There is one span to output from the data below: the lines starting at the line with "The Nature of" and ending at the line with "A large jar". Output it exactly, ends included, nothing more.

━━━ Data to examine ━━━

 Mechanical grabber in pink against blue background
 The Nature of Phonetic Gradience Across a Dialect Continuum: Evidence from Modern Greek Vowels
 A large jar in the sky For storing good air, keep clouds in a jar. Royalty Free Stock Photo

━━━
━━━ Data to examine ━━━

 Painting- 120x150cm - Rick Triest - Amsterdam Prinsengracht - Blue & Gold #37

━━━
━━━ Data to examine ━━━

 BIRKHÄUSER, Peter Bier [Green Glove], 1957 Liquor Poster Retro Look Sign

━━━

#### [Solution to the exercise]
 The Nature of Phonetic Gradience Across a Dialect Continuum: Evidence from Modern Greek Vowels
 A large jar in the sky For storing good air, keep clouds in a jar. Royalty Free Stock Photo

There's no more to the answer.